• **REQUIRED ACTION**
When copying the data below, keep only the lines from the one with "Join facebook to" through the one with "Wolf Laurel Cabina", word for word, and skip the pictures.

++++ INPUT RECORDS ++++

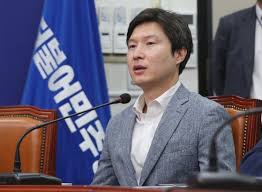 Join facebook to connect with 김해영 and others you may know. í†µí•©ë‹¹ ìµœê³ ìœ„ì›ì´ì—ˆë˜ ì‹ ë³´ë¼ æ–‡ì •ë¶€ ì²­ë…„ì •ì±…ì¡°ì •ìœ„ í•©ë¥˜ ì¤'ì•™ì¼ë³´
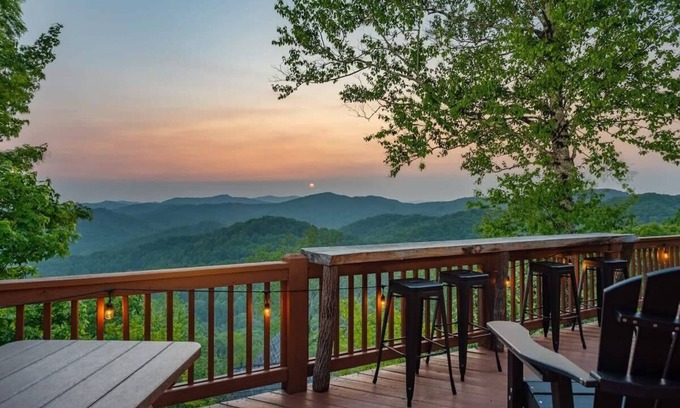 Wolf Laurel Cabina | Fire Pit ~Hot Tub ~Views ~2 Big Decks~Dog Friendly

++++
++++ INPUT RECORDS ++++

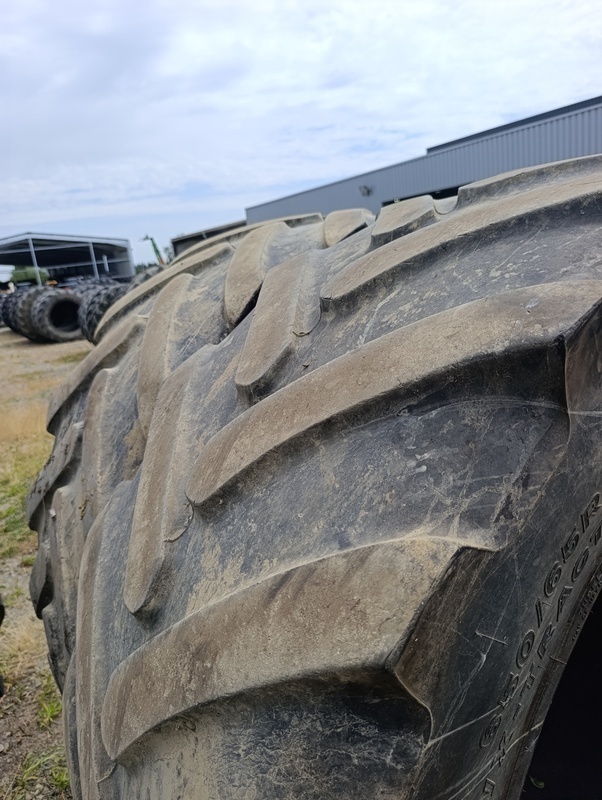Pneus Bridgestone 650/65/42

++++
++++ INPUT RECORDS ++++

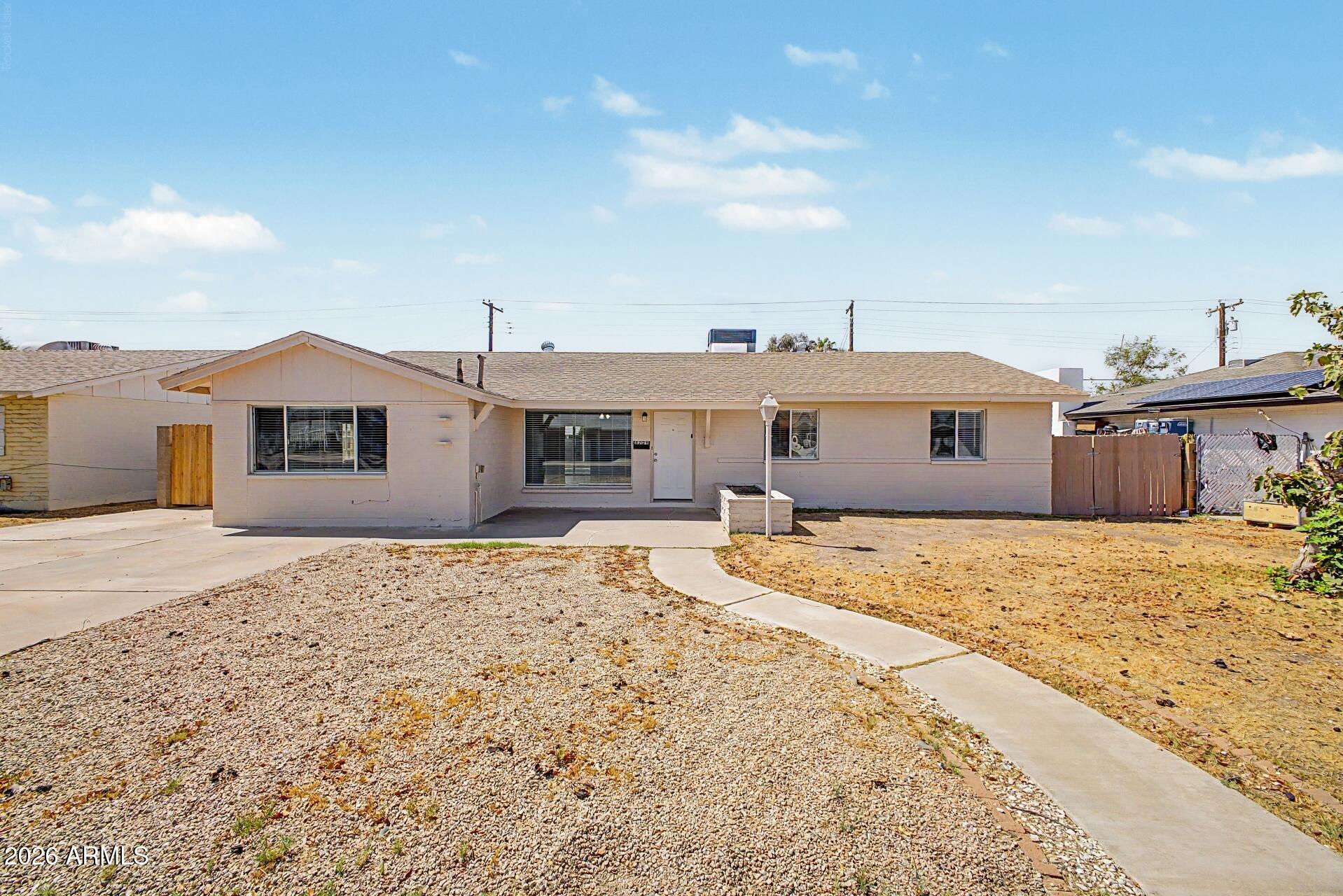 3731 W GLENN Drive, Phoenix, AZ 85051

++++

• **SOLVED EXERCISE**
 Join facebook to connect with 김해영 and others you may know. í†µí•©ë‹¹ ìµœê³ ìœ„ì›ì´ì—ˆë˜ ì‹ ë³´ë¼ æ–‡ì •ë¶€ ì²­ë…„ì •ì±…ì¡°ì •ìœ„ í•©ë¥˜ ì¤'ì•™ì¼ë³´
 Wolf Laurel Cabina | Fire Pit ~Hot Tub ~Views ~2 Big Decks~Dog Friendly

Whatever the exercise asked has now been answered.